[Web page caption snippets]
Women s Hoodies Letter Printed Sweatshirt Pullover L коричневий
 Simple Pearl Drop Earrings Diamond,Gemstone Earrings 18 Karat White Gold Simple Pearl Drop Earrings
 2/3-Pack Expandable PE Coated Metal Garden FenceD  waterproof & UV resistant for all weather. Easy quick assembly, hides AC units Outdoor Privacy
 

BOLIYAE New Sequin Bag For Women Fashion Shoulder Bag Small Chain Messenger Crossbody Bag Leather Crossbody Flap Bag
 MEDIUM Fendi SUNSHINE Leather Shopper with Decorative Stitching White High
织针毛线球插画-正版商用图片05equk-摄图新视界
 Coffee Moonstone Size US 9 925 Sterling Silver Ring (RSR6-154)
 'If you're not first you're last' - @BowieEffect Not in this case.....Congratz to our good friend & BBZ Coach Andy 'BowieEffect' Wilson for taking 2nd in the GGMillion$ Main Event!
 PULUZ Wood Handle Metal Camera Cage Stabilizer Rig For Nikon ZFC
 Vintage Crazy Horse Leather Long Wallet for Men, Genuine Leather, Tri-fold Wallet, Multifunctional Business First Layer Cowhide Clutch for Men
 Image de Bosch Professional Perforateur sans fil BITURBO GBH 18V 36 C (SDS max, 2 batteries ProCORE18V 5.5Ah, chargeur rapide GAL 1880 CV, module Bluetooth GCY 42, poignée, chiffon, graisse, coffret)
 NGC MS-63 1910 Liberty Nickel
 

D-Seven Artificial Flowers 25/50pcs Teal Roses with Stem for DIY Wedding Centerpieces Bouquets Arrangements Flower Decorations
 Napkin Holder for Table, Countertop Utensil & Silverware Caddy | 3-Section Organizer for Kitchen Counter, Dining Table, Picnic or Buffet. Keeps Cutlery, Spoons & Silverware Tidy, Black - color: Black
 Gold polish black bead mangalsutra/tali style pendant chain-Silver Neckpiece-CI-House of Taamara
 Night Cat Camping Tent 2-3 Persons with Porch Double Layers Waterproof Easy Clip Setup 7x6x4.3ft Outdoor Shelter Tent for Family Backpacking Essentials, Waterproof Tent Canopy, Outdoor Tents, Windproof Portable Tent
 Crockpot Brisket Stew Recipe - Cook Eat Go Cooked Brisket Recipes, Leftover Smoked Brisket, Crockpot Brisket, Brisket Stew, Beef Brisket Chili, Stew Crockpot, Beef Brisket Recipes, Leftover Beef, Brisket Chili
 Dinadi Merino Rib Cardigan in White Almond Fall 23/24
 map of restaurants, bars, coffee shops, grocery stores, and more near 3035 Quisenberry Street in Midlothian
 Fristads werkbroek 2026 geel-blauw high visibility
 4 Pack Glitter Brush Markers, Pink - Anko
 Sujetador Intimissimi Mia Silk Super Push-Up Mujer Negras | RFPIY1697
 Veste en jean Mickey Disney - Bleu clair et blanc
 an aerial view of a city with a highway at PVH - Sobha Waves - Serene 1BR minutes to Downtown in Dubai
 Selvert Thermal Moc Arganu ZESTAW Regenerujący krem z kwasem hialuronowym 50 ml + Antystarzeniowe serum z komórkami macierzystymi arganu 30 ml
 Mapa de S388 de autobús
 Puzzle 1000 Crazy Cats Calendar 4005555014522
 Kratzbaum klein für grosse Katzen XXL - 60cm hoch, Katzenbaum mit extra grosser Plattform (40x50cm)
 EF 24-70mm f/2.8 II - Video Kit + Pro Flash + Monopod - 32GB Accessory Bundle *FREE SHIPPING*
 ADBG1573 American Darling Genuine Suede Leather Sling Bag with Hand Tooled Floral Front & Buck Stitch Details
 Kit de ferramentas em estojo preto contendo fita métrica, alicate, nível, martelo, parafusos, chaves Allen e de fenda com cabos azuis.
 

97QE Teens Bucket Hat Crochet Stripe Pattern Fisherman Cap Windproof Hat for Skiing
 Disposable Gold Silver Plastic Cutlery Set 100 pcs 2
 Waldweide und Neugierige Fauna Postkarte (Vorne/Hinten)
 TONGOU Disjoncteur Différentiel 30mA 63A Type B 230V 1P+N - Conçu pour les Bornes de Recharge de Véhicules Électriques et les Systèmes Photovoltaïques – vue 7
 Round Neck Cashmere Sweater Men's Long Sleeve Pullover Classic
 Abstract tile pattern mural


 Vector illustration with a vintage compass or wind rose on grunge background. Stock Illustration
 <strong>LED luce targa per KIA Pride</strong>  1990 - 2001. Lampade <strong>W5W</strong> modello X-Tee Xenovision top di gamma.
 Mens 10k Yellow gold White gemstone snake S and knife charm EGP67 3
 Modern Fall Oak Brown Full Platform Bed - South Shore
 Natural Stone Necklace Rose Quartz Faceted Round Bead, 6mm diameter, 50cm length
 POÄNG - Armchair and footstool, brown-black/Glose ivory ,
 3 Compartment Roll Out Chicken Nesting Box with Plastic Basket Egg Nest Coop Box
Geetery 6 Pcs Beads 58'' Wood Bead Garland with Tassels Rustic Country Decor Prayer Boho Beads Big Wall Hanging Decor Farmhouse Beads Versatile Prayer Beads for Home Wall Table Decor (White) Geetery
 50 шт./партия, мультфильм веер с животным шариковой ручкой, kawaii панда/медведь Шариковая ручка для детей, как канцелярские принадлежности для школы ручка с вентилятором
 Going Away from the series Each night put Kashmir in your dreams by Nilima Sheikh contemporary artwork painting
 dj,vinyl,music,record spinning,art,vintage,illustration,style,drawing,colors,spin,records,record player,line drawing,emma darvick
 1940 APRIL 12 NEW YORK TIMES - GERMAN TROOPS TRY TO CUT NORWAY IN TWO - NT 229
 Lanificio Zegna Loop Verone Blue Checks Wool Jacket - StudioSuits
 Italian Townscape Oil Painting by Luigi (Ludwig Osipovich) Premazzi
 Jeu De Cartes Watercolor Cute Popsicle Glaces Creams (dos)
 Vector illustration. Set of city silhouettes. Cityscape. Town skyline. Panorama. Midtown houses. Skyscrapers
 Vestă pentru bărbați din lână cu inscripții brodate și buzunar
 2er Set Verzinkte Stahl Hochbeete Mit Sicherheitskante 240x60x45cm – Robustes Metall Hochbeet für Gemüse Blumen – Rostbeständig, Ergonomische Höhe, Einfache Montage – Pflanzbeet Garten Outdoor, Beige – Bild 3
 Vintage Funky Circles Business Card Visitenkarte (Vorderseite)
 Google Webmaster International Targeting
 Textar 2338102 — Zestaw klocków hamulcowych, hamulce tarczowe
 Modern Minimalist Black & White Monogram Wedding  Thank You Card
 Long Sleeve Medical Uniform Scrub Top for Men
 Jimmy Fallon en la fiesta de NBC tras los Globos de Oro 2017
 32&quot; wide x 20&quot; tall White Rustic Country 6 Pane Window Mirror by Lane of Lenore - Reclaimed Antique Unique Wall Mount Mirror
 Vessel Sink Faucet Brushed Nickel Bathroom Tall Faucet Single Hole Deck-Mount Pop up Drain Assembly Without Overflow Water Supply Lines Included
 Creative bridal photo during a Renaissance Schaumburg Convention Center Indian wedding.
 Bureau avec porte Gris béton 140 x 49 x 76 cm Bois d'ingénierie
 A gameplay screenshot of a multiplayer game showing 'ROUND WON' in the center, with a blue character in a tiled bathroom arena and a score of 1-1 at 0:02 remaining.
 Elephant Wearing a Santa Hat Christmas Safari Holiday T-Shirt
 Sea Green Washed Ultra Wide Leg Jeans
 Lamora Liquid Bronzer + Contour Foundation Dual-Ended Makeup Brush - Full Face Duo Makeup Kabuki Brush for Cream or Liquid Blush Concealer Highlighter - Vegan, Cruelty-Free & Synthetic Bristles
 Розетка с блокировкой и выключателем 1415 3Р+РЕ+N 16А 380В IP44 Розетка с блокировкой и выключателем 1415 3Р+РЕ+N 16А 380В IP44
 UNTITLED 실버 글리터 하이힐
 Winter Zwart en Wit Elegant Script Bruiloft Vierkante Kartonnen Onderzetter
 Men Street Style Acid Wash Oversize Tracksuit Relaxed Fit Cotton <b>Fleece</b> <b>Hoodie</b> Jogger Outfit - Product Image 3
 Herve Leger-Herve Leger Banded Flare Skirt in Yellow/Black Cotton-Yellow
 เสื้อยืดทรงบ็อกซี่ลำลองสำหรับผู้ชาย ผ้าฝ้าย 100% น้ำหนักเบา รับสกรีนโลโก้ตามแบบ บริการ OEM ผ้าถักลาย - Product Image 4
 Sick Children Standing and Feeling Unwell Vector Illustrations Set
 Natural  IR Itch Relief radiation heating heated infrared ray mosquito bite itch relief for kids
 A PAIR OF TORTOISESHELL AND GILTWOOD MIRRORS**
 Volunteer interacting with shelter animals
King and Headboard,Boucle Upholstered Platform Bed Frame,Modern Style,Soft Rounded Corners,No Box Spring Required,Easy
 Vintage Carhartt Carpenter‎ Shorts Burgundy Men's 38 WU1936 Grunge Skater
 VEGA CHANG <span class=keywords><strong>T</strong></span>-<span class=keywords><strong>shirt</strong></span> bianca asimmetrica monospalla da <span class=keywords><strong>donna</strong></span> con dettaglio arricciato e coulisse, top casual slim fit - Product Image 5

● **Required action**:
After locating the line with "NGC MS-63 1910 Liberty Nickel" above, return that line and every later line through the one with "Kratzbaum klein für", word for word and with nothing else.

● **Answer for the task**:
 NGC MS-63 1910 Liberty Nickel
 

D-Seven Artificial Flowers 25/50pcs Teal Roses with Stem for DIY Wedding Centerpieces Bouquets Arrangements Flower Decorations
 Napkin Holder for Table, Countertop Utensil & Silverware Caddy | 3-Section Organizer for Kitchen Counter, Dining Table, Picnic or Buffet. Keeps Cutlery, Spoons & Silverware Tidy, Black - color: Black
 Gold polish black bead mangalsutra/tali style pendant chain-Silver Neckpiece-CI-House of Taamara
 Night Cat Camping Tent 2-3 Persons with Porch Double Layers Waterproof Easy Clip Setup 7x6x4.3ft Outdoor Shelter Tent for Family Backpacking Essentials, Waterproof Tent Canopy, Outdoor Tents, Windproof Portable Tent
 Crockpot Brisket Stew Recipe - Cook Eat Go Cooked Brisket Recipes, Leftover Smoked Brisket, Crockpot Brisket, Brisket Stew, Beef Brisket Chili, Stew Crockpot, Beef Brisket Recipes, Leftover Beef, Brisket Chili
 Dinadi Merino Rib Cardigan in White Almond Fall 23/24
 map of restaurants, bars, coffee shops, grocery stores, and more near 3035 Quisenberry Street in Midlothian
 Fristads werkbroek 2026 geel-blauw high visibility
 4 Pack Glitter Brush Markers, Pink - Anko
 Sujetador Intimissimi Mia Silk Super Push-Up Mujer Negras | RFPIY1697
 Veste en jean Mickey Disney - Bleu clair et blanc
 an aerial view of a city with a highway at PVH - Sobha Waves - Serene 1BR minutes to Downtown in Dubai
 Selvert Thermal Moc Arganu ZESTAW Regenerujący krem z kwasem hialuronowym 50 ml + Antystarzeniowe serum z komórkami macierzystymi arganu 30 ml
 Mapa de S388 de autobús
 Puzzle 1000 Crazy Cats Calendar 4005555014522
 Kratzbaum klein für grosse Katzen XXL - 60cm hoch, Katzenbaum mit extra grosser Plattform (40x50cm)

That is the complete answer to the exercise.